Living in the New York area, we pride ourselves on the incredible diversity of our workforce. We have people from different generations, countries, genders, accents, speaking levels, etc. I appreciate that the voice-recognition device gets to know its owner over time and can train to better understand his/her voice. However, in a conference space, there may be hundreds of owners. What’s poor lil’ Alexa going to do?
We have to worry about voice levels. Will Alexa be able to hear you from your seat? Over the HVAC? Over the din of a meeting?
We have to worry about accents. It’s cute when Alexa can’t figure out that my five-year-old is asking her to tell a joke in our home, due to his five-year-old “accent.” It will not be cute when a visiting executive can’t show her laptop because the system can’t make out her accented English. Depending on the level of meeting, any hiccups like that could conceivably lead to discriminatory lawsuits. (The funny thing is that people are considering implementing voice control out of fear of discriminatory lawsuits. I guess the question becomes who’s more lawyer-happy: people representing those with mobility and sight constraints, or people representing those who don’t speak American good.)
We have to worry about terminology. I rarely see agreement in what sources are called between drawings, device labels and control interfaces. The drawing may say Computer 1, the cable might say Front Laptop and the touch panel shows Table Laptop 2. Imagine the potential confusion when you have to come up with the source name without clues.
“Alexa, show ‘my computer’ on the front display.”
“I’m sorry, I don’t know what “My Computer” is.”
As if AI bots coming up with their own languages and androids being granted citizenship despite being extraordinarily easy to convince that killing off the human race is a fine idea weren’t enough, there is the very real possibility of users in one room controlling both local and remote systems during a call.
People listening to podcasts constantly get their phone inadvertently hijacked, if the host asks their phone a question with “Hey, Siri.” The phone doesn’t know that the podcast is “Hey-Siri-ing” and not the owner. Siri is just trying to help out when anyone says “Hey, Siri.” Along the same lines of what my friend does with the light controls during bridge calls, could you imagine giving a presentation during a high-pressure meeting, asking Alexa to switch sources, and having all offices on the call getting inadvertently hijacked and switching to their local sources?!
Lastly, how would you commission something like this to assure it is fit for use for all users? Do you bring in a sampling of talkers? Does the commissioning specialist try their hand at impersonating various accents? Personally, whenever I try an English accent, it rapidly devolves into a Chinese-Irish conflation. Ain’t nobody got time for that. How could we test it?

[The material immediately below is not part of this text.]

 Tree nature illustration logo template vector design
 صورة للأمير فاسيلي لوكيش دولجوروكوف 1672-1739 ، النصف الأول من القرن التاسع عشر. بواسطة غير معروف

People played with the idea of gesture recognition for presentation spaces, but the thought of CEOs flailing their arms unsuccessfully trying to advance a slide was comically terrifying. Voice control is slightly less comically terrifying, but still nightmare-worthy. Instead of physically flailing around trying to make it work, I could see users getting into a cussin’ match with Alexa, if she doesn’t understand them. “No, Alexa! Not that computer, you nearsighted scrap pile. Yo’ Mama was the tape recorder Arnold Schwarzenegger used in ‘True Lies!’”
I guess the moral of the story is adding voice control to a typical system would be a nice addition to a more conventional control system. It could provide access to controls for the immobile, the blind and, if we’re being honest, the lazy. However, to have it as the primary method of system control, at least for the time being, is risky, especially for public conference spaces. Relegating Alexa to a secondary control method would certainly help me sleep better at night.